I get that the flint strikes the steel thing (frizzen?) and makes a spark... there's a little tray under the sparkler (does that hold flash powder, or very very finely ground BP?) and the spark travels through a flash hole (like the nipple of a caplock?) in the side of the barrel, detonating the main powder charge?

Am I missing something? If there's an open hole at the back of the barrel, how do you keep the powder in (or humidity out)? Can it be loaded and then carried afield somehow (say, for turkey) without spilling? You would have to carry a separate bottle of primer powder for priming immediately before firing, as it was being held level, or have I got it wrong? How would I effectively *USE* a flintlock? Watching "Pirates of the Caribbean" has not cleared this up at all.
 
I don't understand the firing mechanism.
Think of it this way, it is no different than a percussion lock. A percussion will have a cap covering the opening and the flint will have a frizzen covering the opening. If your cap is loose or the frizzen is loose then you *can* get nasty down into the main charge. Fortunately it takes something like 10% moisture content (It is 4am and I am not looking that number up at this hour) for it not to ignite. Just because the powder is 'wet' does not mean it wont ignite.

in this photo you can see the frizzen closed, if the fit is good then that will keep things out, also needs to be sealed up good on the barrel side as well. The #1 failure is the 'seal' is not a good fit and leaks.
229743_4836648355983_1900663585_n.jpg


Here we can see the same frizzen's open and how deep the pans are. Notice the lip on the outside of the pan.
217067_4837333533112_2091347969_n.jpg


To clarify the lock and how it works,
388568_4651391124668_2063378920_n.jpg

This is the inside of the lock in the 3 stages.

I get that the flint strikes the steel thing (frizzen?) and makes a spark... there's a little tray under the sparkler (does that hold flash powder, or very very finely ground BP?) and the spark travels through a flash hole (like the nipple of a caplock?) in the side of the barrel, detonating the main powder charge?

The pan holds any type of power, does not matter if it is 1F or 7F. What does matter is sparks hit the powder and it ignites then runs into the vent hole into the main charge where it goes BOOM because it is under pressure.
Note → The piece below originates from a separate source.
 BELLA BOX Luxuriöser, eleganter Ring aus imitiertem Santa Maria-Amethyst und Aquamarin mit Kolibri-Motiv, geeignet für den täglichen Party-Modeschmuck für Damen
Having said that the finer the powder the better the ignition, the faster the burn and the less time it takes.

Serpentine lock:
Serpentine+lock.gif


Wheel lock:
wheel.gif


Flintlock:
Flintlock.gif


Percussion lock:
percussion.gif
 
BlackNet, thank you! That clears it up quite nicely. You have a genuine talent for explaining things (not all people do).

Mods, I think this ought to be a sticky!
 
I've understood how a flint lock and a match lock (I actually have one) work for a while but have been a little fuzzy on a wheel lock's mechanism. Is it essentially a spring wound Bic lighter with the hammer tripping a release?
 
I've understood how a flint lock and a match lock (I actually have one) work for a while but have been a little fuzzy on a wheel lock's mechanism. Is it essentially a spring wound Bic lighter with the hammer tripping a release?
Exactamundo. The jaws hold a piece of iron pyrites that is held against a serrated, spring-loaded wheel. As the animation shows above, when the trigger is pulled, the pan is uncovered and allows the chunk of pyrites to fall against the wheel. At the same time, the wheel released, grinding against the pyrites producing the sparks to set the whole thing off.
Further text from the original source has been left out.